“Tidak ada istilah anggota dewan. Wajib cuci muka. Kalau gak sportif silakan pulang.” Semua mata yang hadir memperhatikan anggota DPRK Aceh Tengah, Edi Kurniawan dari Partai Gerindra. Penulis sempat terseyum ketika Edi mengambil air mineral.
Air mineral itu berpindah ke mukanya. Walau Takengen lagi diguyur hujan, dingin menusuk tulang, Edi tetap membasuh mukanya. Tidak ada istilah malam atau siang. Bila kena giliran membasuh muka, harus tetap dilakukan.
Penulis juga sempat terkejut dan kena jatah cuci muka, ketika awal penulis bergabung dengan komunitas ini, dalam pekan terahir Agustus 2016. Baru pertama gabung, di tengah malam yang dingin, penulis juga membasuh muka. Kemudian berpindah tempat duduk.
Tidak ada istilah ada yang lolos dari cuci muka. Rata rata kelompok yang membangun kebersamaan ini sudah mendapatkan giliran cuci muka. Itulah peraturan, harus diikuti. Kelompok ini bermain batu domino. Yang kalah ronggeng (pindah tempat duduk), kalau kalahnya telak (putih) harus cuci muka.
“Woi mau kemana tu,” tanya mereka yang hadir menyaksikan pemainan domino (Baik di Anan Coffe atau Umah Supu, Takengen, Aceh Tengah). Yang ditanya dengan sungkan-sungkan memberi alasan. “Udah kebas duduk, berdiri sebentar.” Atau ada istilah lainya yang muncul, memberikan contoh kepada orang ini, agar mereka juga pandai ronggeng.
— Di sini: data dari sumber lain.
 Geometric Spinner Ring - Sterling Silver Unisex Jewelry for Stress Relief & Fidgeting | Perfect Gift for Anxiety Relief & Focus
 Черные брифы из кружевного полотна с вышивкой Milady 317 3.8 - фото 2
Bila tidak tahan mental ketika diejek, mereka tidak lagi mengikutkanya dalam pertandingan. Bahkan saat membasuh muka, teman-teman yang lain memegang HP untuk difoto. Tetapi bagi yang sudah terbiasa, pemandangan itu adalah hal yang lazim, karena hampir semua peserta pernah melakukanya.
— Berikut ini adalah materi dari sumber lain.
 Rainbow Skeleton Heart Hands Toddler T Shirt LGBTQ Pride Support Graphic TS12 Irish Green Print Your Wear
Dalam kelompok ini tidak ada kasta, srata sosial. Di sana ada Yunadi. Marwan, Aat, Jabar Iman, Alwin, Konadi, Feri, Edi Kurniawan. Ada juga Kandar Robi dan Zuhri. Sementara Yos lebih sering memposisikan diri sebagai juri, walau kadang kala juri menjadi sasaran “amarah” pemain yang ronggeng atau cuci muka.
Mereka semuanya membangun kebersamaan sambil refresing “mengosok meja” (mengocok batu). Kemudian menyusunya angka demi angka. Rasa kebersamaan yang tinggi. Siapa yang memiliki rejeki, dia yang bayar minuman saat bersama. Bahkan ada kalanya mereka sepakat kumpul uang untuk membeli nasi dan makanan.
Di sana tidak ada istilah anggota dewan, wartawan senior, politikus, atau aktifis. Ketika giliran harus membasuh muka, dalam dinginya malam juga harus dilakukan. Rasa kebersamaan dan persaudaraan yang mereka bangun, patut menjadi pelajaran.
Dalam kelompok ini ada beragam tim sukses Balon Bupati Aceh Tengah. Mereka tidak satu suara dalam menjagokan bupati. Punya prinsip masing-masing. Namun mereka tidak pernah saling “melemahkan” seseorang kandidat.
Hampir semua Balon yang maju dalam Pilkada ini, ada orang yang menjagokanya dalam kelompok ini. Namun kelompok ini tetap kompak, membangun kebersamaan. Berbeda pilihan dan jagoan adalah soal biasa, tetapi siapa yang kalah telak dalam permainan, harus tetap cuci muka.
Catatan Bahtiar Gayo wartawan Waspada.